[Dataset entries]
====

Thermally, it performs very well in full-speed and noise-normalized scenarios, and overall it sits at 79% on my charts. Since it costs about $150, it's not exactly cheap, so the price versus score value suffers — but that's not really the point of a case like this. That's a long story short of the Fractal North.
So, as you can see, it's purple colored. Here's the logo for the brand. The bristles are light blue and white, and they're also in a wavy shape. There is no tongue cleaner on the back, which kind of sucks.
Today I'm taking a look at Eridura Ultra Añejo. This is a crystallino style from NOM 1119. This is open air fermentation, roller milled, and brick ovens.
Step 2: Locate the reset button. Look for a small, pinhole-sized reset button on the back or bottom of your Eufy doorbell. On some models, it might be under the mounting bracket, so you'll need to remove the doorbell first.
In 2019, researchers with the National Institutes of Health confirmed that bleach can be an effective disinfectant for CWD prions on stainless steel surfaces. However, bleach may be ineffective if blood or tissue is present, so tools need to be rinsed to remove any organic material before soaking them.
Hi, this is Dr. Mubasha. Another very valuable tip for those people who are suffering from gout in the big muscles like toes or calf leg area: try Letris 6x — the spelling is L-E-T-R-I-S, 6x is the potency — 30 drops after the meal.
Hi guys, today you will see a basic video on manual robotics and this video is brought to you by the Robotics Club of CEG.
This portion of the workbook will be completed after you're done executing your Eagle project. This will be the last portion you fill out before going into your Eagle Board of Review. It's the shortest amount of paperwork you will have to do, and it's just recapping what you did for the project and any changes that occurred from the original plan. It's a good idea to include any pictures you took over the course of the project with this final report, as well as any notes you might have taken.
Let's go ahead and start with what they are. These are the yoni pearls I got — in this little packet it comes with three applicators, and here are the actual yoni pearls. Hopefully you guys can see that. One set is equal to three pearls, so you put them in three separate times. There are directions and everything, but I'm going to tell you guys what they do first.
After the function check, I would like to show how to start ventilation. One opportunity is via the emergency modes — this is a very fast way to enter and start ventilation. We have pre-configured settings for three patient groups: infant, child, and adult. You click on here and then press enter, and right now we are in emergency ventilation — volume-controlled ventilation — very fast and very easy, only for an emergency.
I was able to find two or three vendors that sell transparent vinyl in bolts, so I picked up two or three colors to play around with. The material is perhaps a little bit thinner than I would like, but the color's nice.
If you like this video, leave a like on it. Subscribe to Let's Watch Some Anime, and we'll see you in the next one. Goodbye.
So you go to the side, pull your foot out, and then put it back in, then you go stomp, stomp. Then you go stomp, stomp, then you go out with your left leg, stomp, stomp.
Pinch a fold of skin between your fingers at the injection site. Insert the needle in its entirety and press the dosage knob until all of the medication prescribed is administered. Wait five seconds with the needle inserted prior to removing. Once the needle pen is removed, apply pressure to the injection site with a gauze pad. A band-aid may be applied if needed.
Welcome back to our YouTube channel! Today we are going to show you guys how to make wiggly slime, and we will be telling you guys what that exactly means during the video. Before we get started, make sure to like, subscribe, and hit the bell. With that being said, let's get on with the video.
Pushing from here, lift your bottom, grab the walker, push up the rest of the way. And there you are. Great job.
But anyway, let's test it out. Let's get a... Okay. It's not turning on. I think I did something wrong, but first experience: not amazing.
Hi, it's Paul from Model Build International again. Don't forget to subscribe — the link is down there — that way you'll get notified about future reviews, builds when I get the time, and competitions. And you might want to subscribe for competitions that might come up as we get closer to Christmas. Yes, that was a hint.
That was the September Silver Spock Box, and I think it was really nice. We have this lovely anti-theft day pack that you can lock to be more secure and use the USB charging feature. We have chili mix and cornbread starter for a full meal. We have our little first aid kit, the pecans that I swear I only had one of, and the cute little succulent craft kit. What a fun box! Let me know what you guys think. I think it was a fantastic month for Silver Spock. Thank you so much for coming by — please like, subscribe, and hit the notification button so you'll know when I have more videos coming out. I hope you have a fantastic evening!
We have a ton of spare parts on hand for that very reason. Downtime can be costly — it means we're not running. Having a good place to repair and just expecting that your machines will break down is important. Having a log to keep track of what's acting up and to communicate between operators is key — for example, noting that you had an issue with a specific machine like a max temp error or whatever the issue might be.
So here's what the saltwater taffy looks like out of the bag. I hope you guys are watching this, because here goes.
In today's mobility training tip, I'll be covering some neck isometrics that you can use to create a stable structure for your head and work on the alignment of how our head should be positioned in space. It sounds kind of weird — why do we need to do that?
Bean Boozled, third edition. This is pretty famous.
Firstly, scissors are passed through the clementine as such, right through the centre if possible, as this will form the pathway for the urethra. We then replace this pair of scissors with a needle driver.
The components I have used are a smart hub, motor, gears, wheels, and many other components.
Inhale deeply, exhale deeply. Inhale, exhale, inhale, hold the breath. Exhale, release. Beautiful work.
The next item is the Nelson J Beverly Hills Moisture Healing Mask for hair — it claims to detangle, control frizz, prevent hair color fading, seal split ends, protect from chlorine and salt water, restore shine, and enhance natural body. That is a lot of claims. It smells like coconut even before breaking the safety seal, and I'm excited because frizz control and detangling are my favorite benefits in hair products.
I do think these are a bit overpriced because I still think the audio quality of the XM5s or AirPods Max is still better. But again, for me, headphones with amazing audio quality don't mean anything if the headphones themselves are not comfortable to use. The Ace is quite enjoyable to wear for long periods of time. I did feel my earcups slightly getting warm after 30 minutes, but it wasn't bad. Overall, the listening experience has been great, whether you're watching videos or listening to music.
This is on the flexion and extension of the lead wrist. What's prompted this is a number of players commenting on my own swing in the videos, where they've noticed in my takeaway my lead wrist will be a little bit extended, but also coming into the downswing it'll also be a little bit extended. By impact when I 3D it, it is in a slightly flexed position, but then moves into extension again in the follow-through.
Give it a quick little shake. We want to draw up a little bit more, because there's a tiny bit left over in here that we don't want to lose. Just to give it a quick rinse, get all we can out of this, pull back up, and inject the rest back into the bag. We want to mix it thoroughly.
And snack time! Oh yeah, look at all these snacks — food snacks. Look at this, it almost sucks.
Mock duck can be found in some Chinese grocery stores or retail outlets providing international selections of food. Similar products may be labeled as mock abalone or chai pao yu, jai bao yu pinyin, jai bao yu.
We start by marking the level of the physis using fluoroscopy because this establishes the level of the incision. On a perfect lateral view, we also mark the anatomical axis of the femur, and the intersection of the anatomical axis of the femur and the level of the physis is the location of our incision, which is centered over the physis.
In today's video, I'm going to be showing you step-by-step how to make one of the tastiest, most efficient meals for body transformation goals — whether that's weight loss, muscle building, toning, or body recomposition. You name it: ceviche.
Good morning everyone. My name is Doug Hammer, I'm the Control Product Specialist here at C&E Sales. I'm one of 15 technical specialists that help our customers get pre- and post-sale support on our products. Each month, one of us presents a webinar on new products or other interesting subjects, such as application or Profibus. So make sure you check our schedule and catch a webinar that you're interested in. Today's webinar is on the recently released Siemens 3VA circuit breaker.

====

Instructions to follow: Exactly as they stand above, retype all of the records.

Task response:
Thermally, it performs very well in full-speed and noise-normalized scenarios, and overall it sits at 79% on my charts. Since it costs about $150, it's not exactly cheap, so the price versus score value suffers — but that's not really the point of a case like this. That's a long story short of the Fractal North.
So, as you can see, it's purple colored. Here's the logo for the brand. The bristles are light blue and white, and they're also in a wavy shape. There is no tongue cleaner on the back, which kind of sucks.
Today I'm taking a look at Eridura Ultra Añejo. This is a crystallino style from NOM 1119. This is open air fermentation, roller milled, and brick ovens.
Step 2: Locate the reset button. Look for a small, pinhole-sized reset button on the back or bottom of your Eufy doorbell. On some models, it might be under the mounting bracket, so you'll need to remove the doorbell first.
In 2019, researchers with the National Institutes of Health confirmed that bleach can be an effective disinfectant for CWD prions on stainless steel surfaces. However, bleach may be ineffective if blood or tissue is present, so tools need to be rinsed to remove any organic material before soaking them.
Hi, this is Dr. Mubasha. Another very valuable tip for those people who are suffering from gout in the big muscles like toes or calf leg area: try Letris 6x — the spelling is L-E-T-R-I-S, 6x is the potency — 30 drops after the meal.
Hi guys, today you will see a basic video on manual robotics and this video is brought to you by the Robotics Club of CEG.
This portion of the workbook will be completed after you're done executing your Eagle project. This will be the last portion you fill out before going into your Eagle Board of Review. It's the shortest amount of paperwork you will have to do, and it's just recapping what you did for the project and any changes that occurred from the original plan. It's a good idea to include any pictures you took over the course of the project with this final report, as well as any notes you might have taken.
Let's go ahead and start with what they are. These are the yoni pearls I got — in this little packet it comes with three applicators, and here are the actual yoni pearls. Hopefully you guys can see that. One set is equal to three pearls, so you put them in three separate times. There are directions and everything, but I'm going to tell you guys what they do first.
After the function check, I would like to show how to start ventilation. One opportunity is via the emergency modes — this is a very fast way to enter and start ventilation. We have pre-configured settings for three patient groups: infant, child, and adult. You click on here and then press enter, and right now we are in emergency ventilation — volume-controlled ventilation — very fast and very easy, only for an emergency.
I was able to find two or three vendors that sell transparent vinyl in bolts, so I picked up two or three colors to play around with. The material is perhaps a little bit thinner than I would like, but the color's nice.
If you like this video, leave a like on it. Subscribe to Let's Watch Some Anime, and we'll see you in the next one. Goodbye.
So you go to the side, pull your foot out, and then put it back in, then you go stomp, stomp. Then you go stomp, stomp, then you go out with your left leg, stomp, stomp.
Pinch a fold of skin between your fingers at the injection site. Insert the needle in its entirety and press the dosage knob until all of the medication prescribed is administered. Wait five seconds with the needle inserted prior to removing. Once the needle pen is removed, apply pressure to the injection site with a gauze pad. A band-aid may be applied if needed.
Welcome back to our YouTube channel! Today we are going to show you guys how to make wiggly slime, and we will be telling you guys what that exactly means during the video. Before we get started, make sure to like, subscribe, and hit the bell. With that being said, let's get on with the video.
Pushing from here, lift your bottom, grab the walker, push up the rest of the way. And there you are. Great job.
But anyway, let's test it out. Let's get a... Okay. It's not turning on. I think I did something wrong, but first experience: not amazing.
Hi, it's Paul from Model Build International again. Don't forget to subscribe — the link is down there — that way you'll get notified about future reviews, builds when I get the time, and competitions. And you might want to subscribe for competitions that might come up as we get closer to Christmas. Yes, that was a hint.
That was the September Silver Spock Box, and I think it was really nice. We have this lovely anti-theft day pack that you can lock to be more secure and use the USB charging feature. We have chili mix and cornbread starter for a full meal. We have our little first aid kit, the pecans that I swear I only had one of, and the cute little succulent craft kit. What a fun box! Let me know what you guys think. I think it was a fantastic month for Silver Spock. Thank you so much for coming by — please like, subscribe, and hit the notification button so you'll know when I have more videos coming out. I hope you have a fantastic evening!
We have a ton of spare parts on hand for that very reason. Downtime can be costly — it means we're not running. Having a good place to repair and just expecting that your machines will break down is important. Having a log to keep track of what's acting up and to communicate between operators is key — for example, noting that you had an issue with a specific machine like a max temp error or whatever the issue might be.
So here's what the saltwater taffy looks like out of the bag. I hope you guys are watching this, because here goes.
In today's mobility training tip, I'll be covering some neck isometrics that you can use to create a stable structure for your head and work on the alignment of how our head should be positioned in space. It sounds kind of weird — why do we need to do that?
Bean Boozled, third edition. This is pretty famous.
Firstly, scissors are passed through the clementine as such, right through the centre if possible, as this will form the pathway for the urethra. We then replace this pair of scissors with a needle driver.
The components I have used are a smart hub, motor, gears, wheels, and many other components.
Inhale deeply, exhale deeply. Inhale, exhale, inhale, hold the breath. Exhale, release. Beautiful work.
The next item is the Nelson J Beverly Hills Moisture Healing Mask for hair — it claims to detangle, control frizz, prevent hair color fading, seal split ends, protect from chlorine and salt water, restore shine, and enhance natural body. That is a lot of claims. It smells like coconut even before breaking the safety seal, and I'm excited because frizz control and detangling are my favorite benefits in hair products.
I do think these are a bit overpriced because I still think the audio quality of the XM5s or AirPods Max is still better. But again, for me, headphones with amazing audio quality don't mean anything if the headphones themselves are not comfortable to use. The Ace is quite enjoyable to wear for long periods of time. I did feel my earcups slightly getting warm after 30 minutes, but it wasn't bad. Overall, the listening experience has been great, whether you're watching videos or listening to music.
This is on the flexion and extension of the lead wrist. What's prompted this is a number of players commenting on my own swing in the videos, where they've noticed in my takeaway my lead wrist will be a little bit extended, but also coming into the downswing it'll also be a little bit extended. By impact when I 3D it, it is in a slightly flexed position, but then moves into extension again in the follow-through.
Give it a quick little shake. We want to draw up a little bit more, because there's a tiny bit left over in here that we don't want to lose. Just to give it a quick rinse, get all we can out of this, pull back up, and inject the rest back into the bag. We want to mix it thoroughly.
And snack time! Oh yeah, look at all these snacks — food snacks. Look at this, it almost sucks.
Mock duck can be found in some Chinese grocery stores or retail outlets providing international selections of food. Similar products may be labeled as mock abalone or chai pao yu, jai bao yu pinyin, jai bao yu.
We start by marking the level of the physis using fluoroscopy because this establishes the level of the incision. On a perfect lateral view, we also mark the anatomical axis of the femur, and the intersection of the anatomical axis of the femur and the level of the physis is the location of our incision, which is centered over the physis.
In today's video, I'm going to be showing you step-by-step how to make one of the tastiest, most efficient meals for body transformation goals — whether that's weight loss, muscle building, toning, or body recomposition. You name it: ceviche.
Good morning everyone. My name is Doug Hammer, I'm the Control Product Specialist here at C&E Sales. I'm one of 15 technical specialists that help our customers get pre- and post-sale support on our products. Each month, one of us presents a webinar on new products or other interesting subjects, such as application or Profibus. So make sure you check our schedule and catch a webinar that you're interested in. Today's webinar is on the recently released Siemens 3VA circuit breaker.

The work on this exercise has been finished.